## HOW TO COMPLETE THIS TASK
Copy out the entire listing below exactly, but without its pictures.

## RECORDED INFORMATION
-- -- --

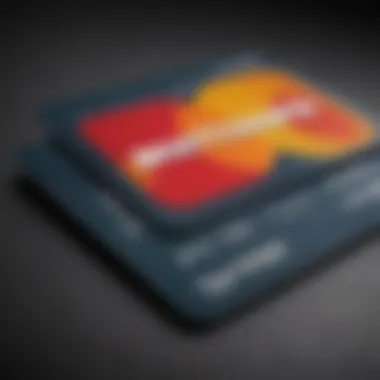 A visual comparison chart of top Mastercard credit cards highlighting features and benefits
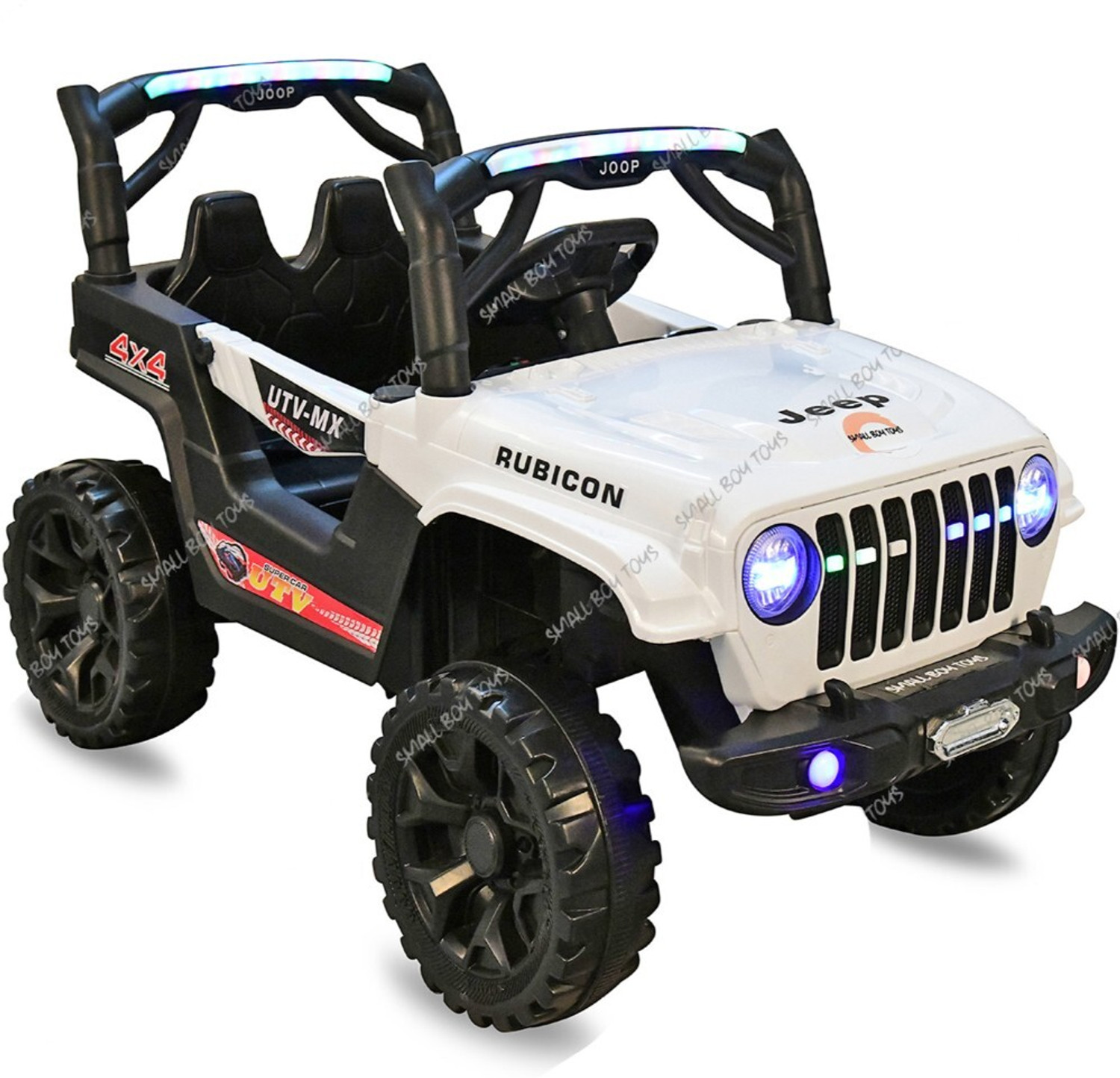 Image of kidsmuch Kidsmate Ride Xtreme Electric Bike Bike Battery Operated Ride On (White)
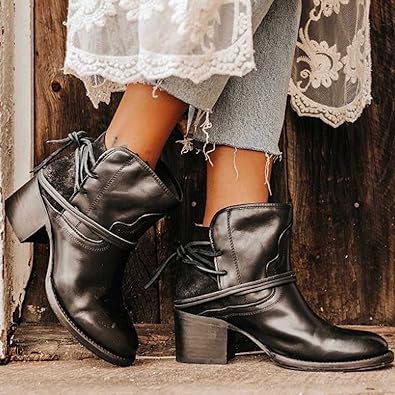 Women’s Leather Ankle Boots – Breathable Durable Comfort Fit for Everyday Elegant Styling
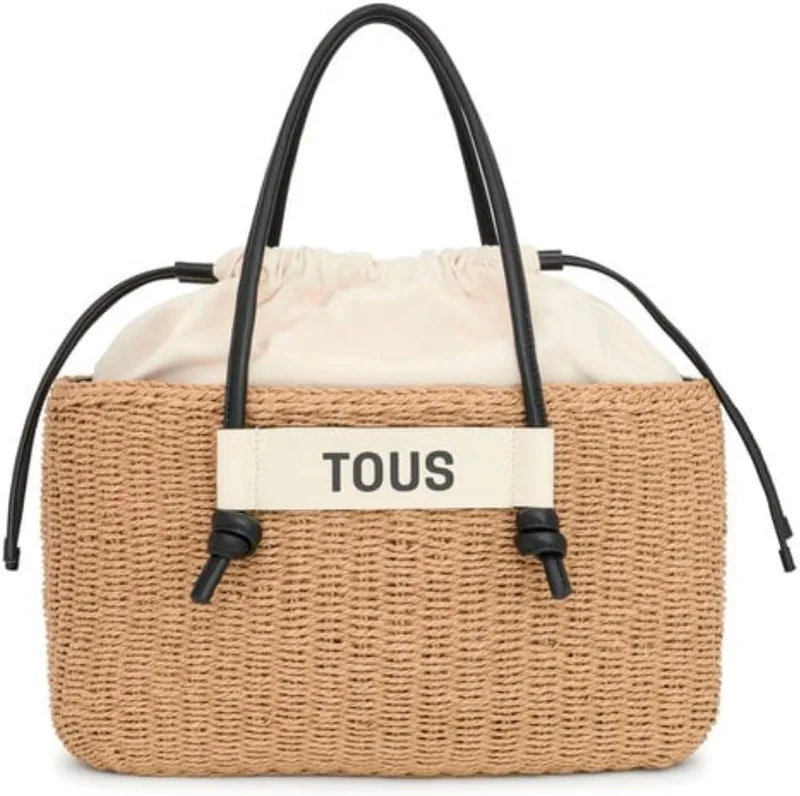 TOUS ▫️ Alcofa grande preta, para mulher, medidas 23,5 x 39 x 14 cm, Coleção Scoubidou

-- -- --

## SOLUTION
 A visual comparison chart of top Mastercard credit cards highlighting features and benefits
 Image of kidsmuch Kidsmate Ride Xtreme Electric Bike Bike Battery Operated Ride On (White)
 Women’s Leather Ankle Boots – Breathable Durable Comfort Fit for Everyday Elegant Styling
 TOUS ▫️ Alcofa grande preta, para mulher, medidas 23,5 x 39 x 14 cm, Coleção Scoubidou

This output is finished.